This study was designed primarily to explore (a) whether a PARP inhibitory dose (PID) of AG014699 was safe and tolerable and (b) the dose of temozolomide that could be given in combination with the PID of AG014699. A combination study was designed based on the preclinical potentiation data discussed above. At the time of design, there were no data suggesting efficacy for the single agent. The primary endpoint for (a) was a pharmacodynamic measure of target inhibition and for (b) was a conventional toxicity endpoint. A single dose of the novel agent was given before the first combination cycle to obtain pharmacokinetic and pharmacodynamic data.

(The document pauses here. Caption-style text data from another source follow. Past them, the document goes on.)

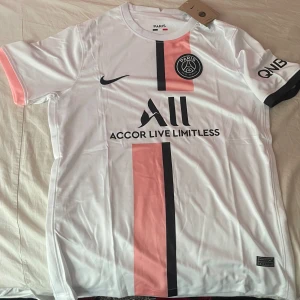 Vit och rosa PSG fotbollströja - Säljer en snygg vit PSG fotbollströja med rosa och svarta detaljer. Tröjan har korta ärmar och är i nyskick. Perfekt för alla Paris Saint-Germain fans! 🏟️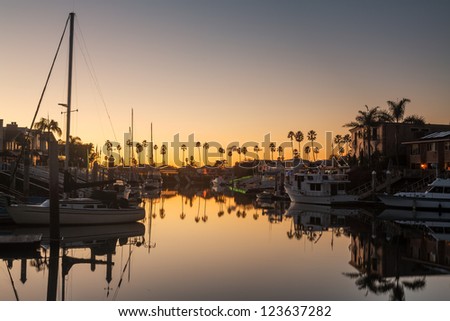 Sunset over residential development by water in Ventura California with modern homes and yachts boats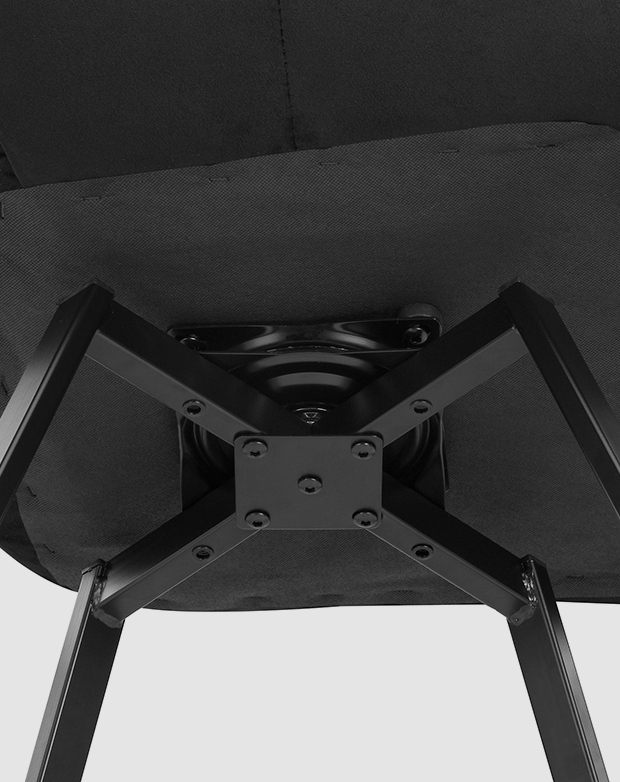 The base of the chair is viewed from underneath, revealing the swivel mechanism attached to the frame.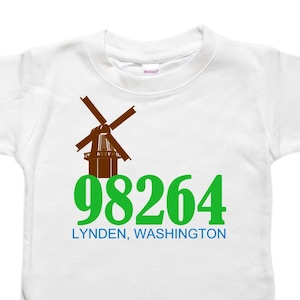 May include: White t-shirt with a brown windmill graphic and green text that reads "98264 LYNDEN, WASHINGTON".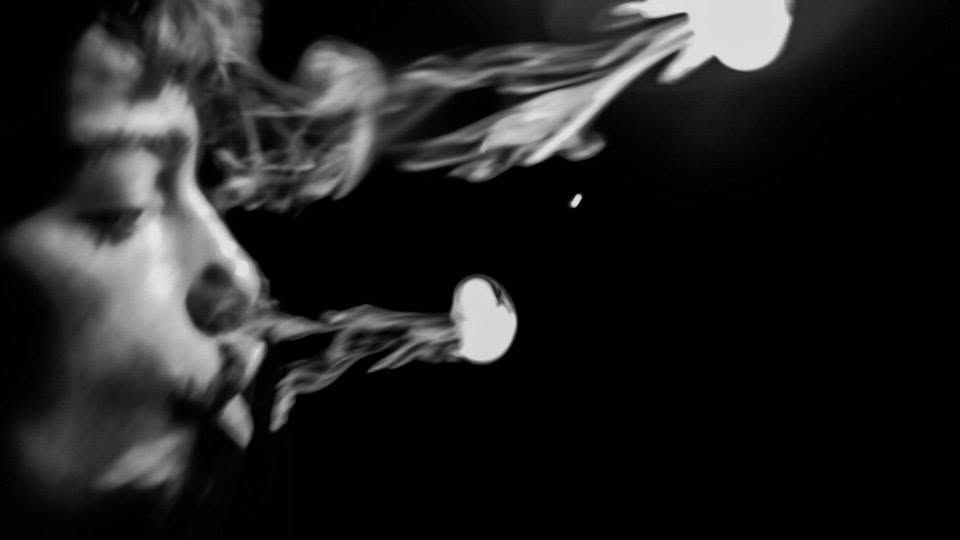 Black and white close-up of a person exhaling smoke in dramatic low-key lighting.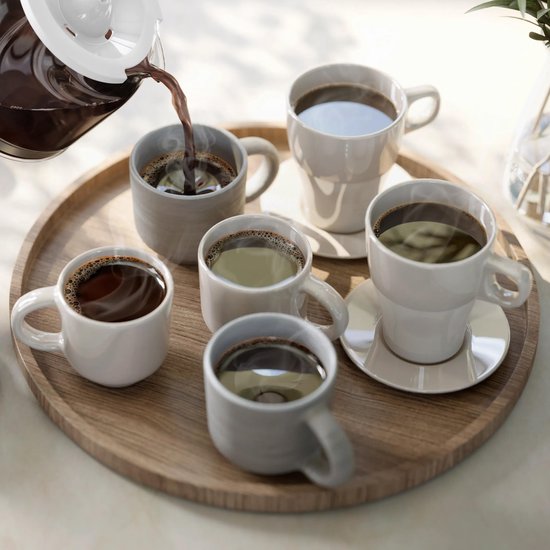 Une verseuse en verre verse du café chaud dans cinq tasses blanches et grises sur un plateau en bois.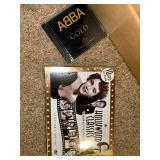 Large Music Media Collection with CDs, Cassettes, and Vinyl Records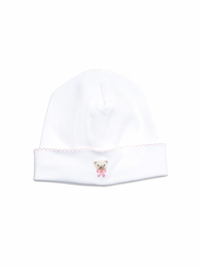 A white Pima cotton baby hat with light pink picot trim and a teddy bear face embroidered in the middle.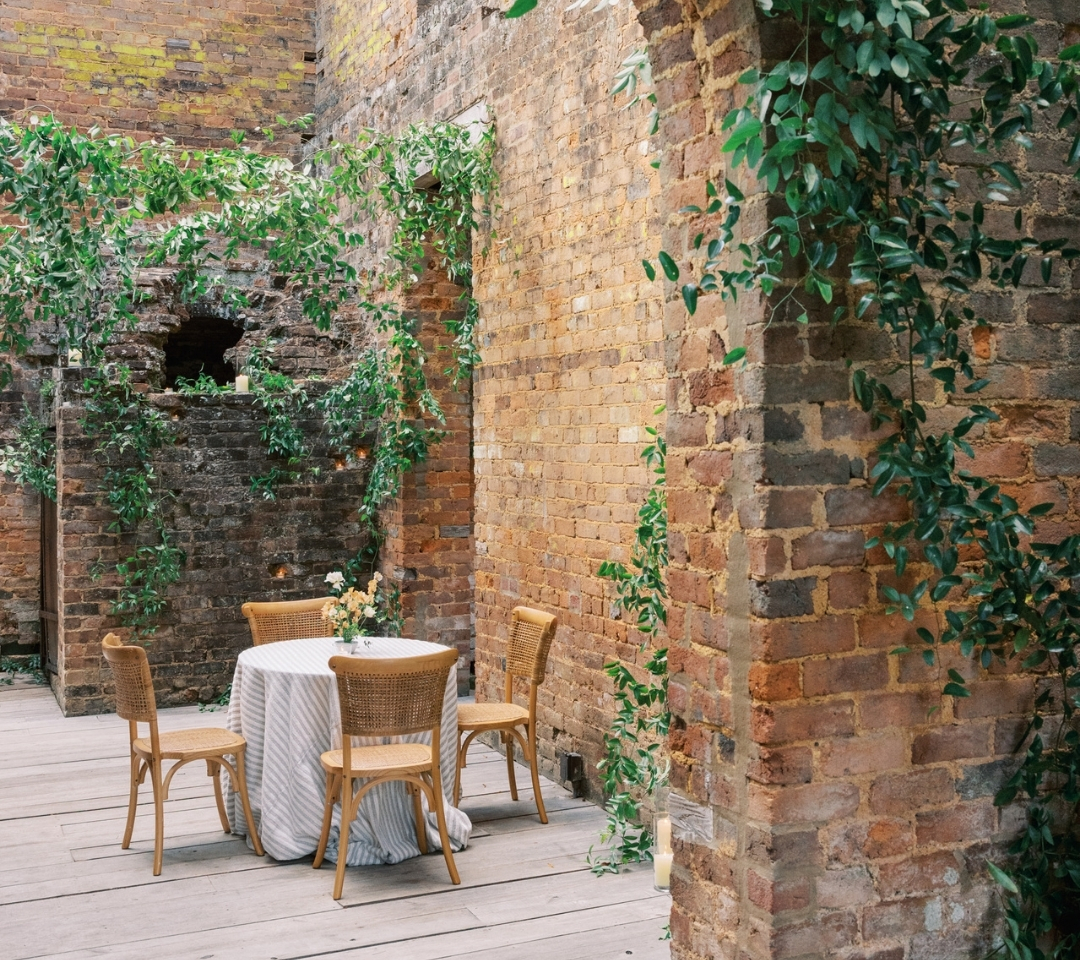 brick building with table and chairs set up for wedding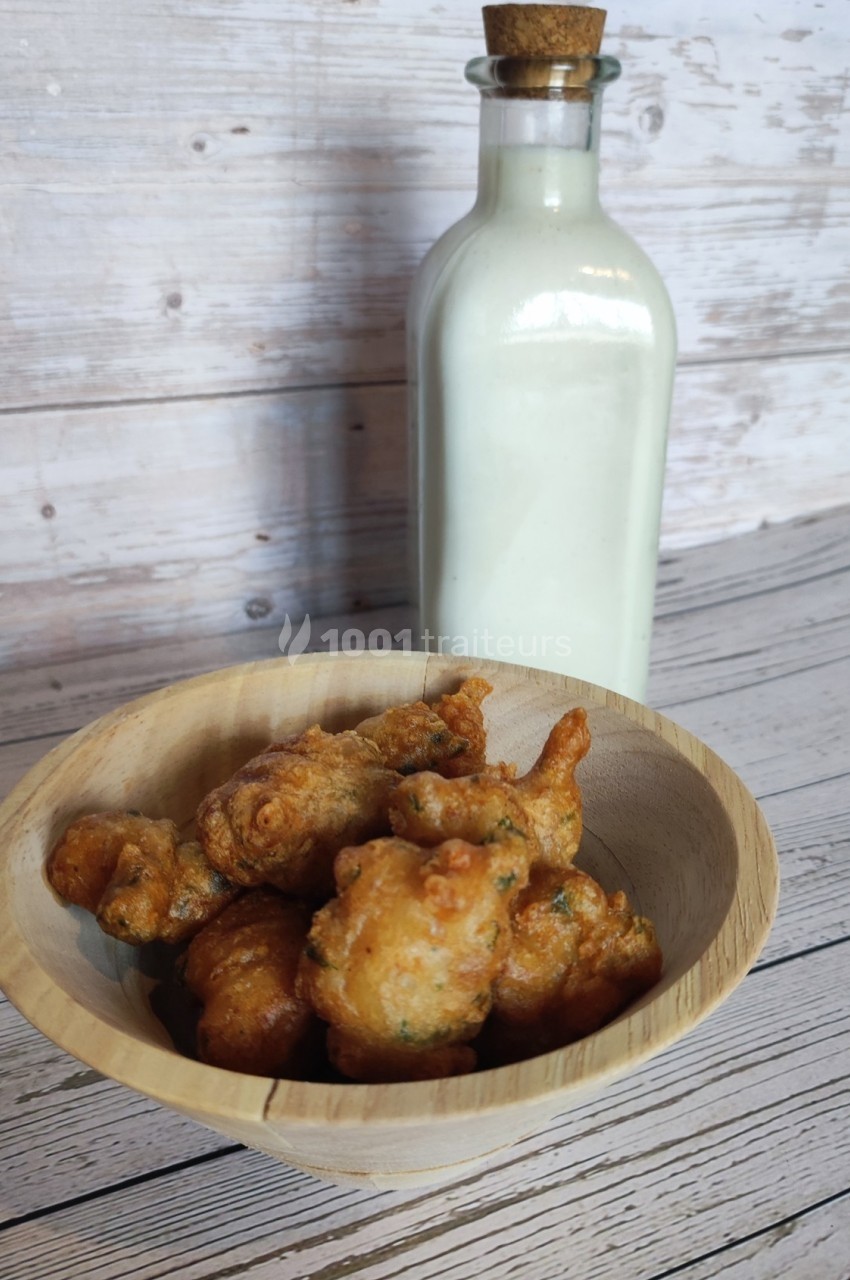 Beignets dorés dans un bol en bois devant une bouteille de verre remplie de liquide blanc, sur une table en bois.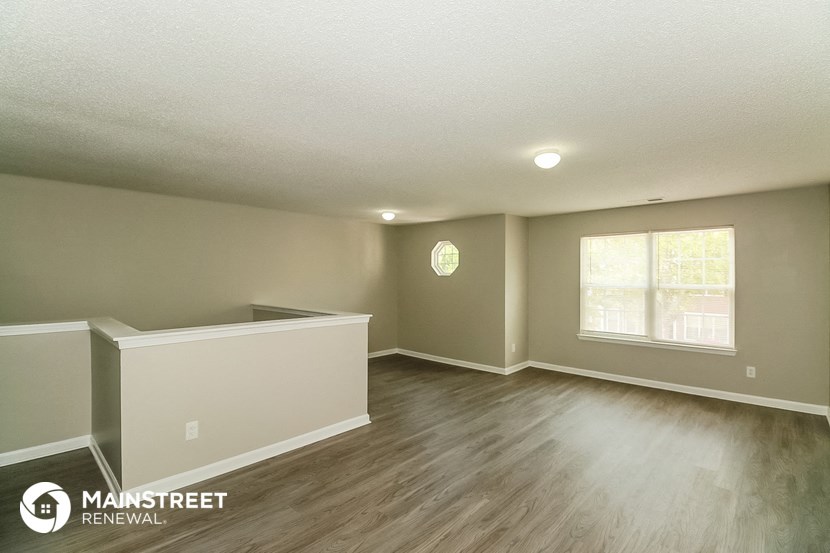 the spacious living room with hardwood flooring and a window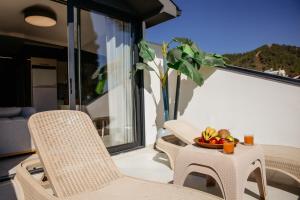 a table and chairs on a balcony with a bowl of fruit at Guney House by Villa Safiya in Fethiye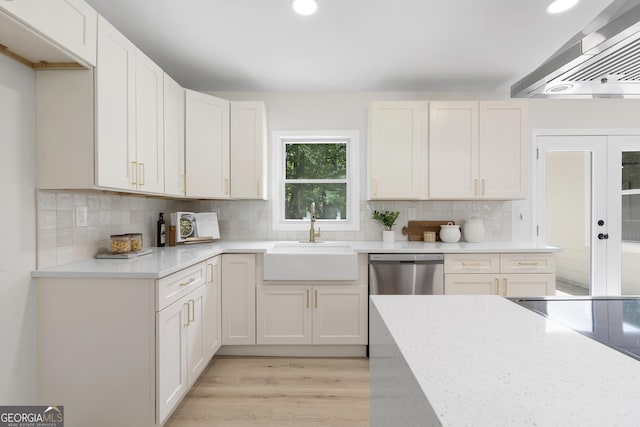 kitchen with white cabinets, sink, stainless steel dishwasher, light wood-type flooring, and range hood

Inhibition of the target enzyme was the primary endpoint of the study: translational research exploring proof of principle of mechanism of action using Comet assays for DNA damage levels and pharmacogenomic samples to explore potential difference in pharmacokinetics linked to polymorphisms of the CYP2D6 gene. Therefore, this trial is the first use of this class of agents in humans, being a pharmacodynamically driven phase I study establishing the PID of this compound and showing antitumor activity.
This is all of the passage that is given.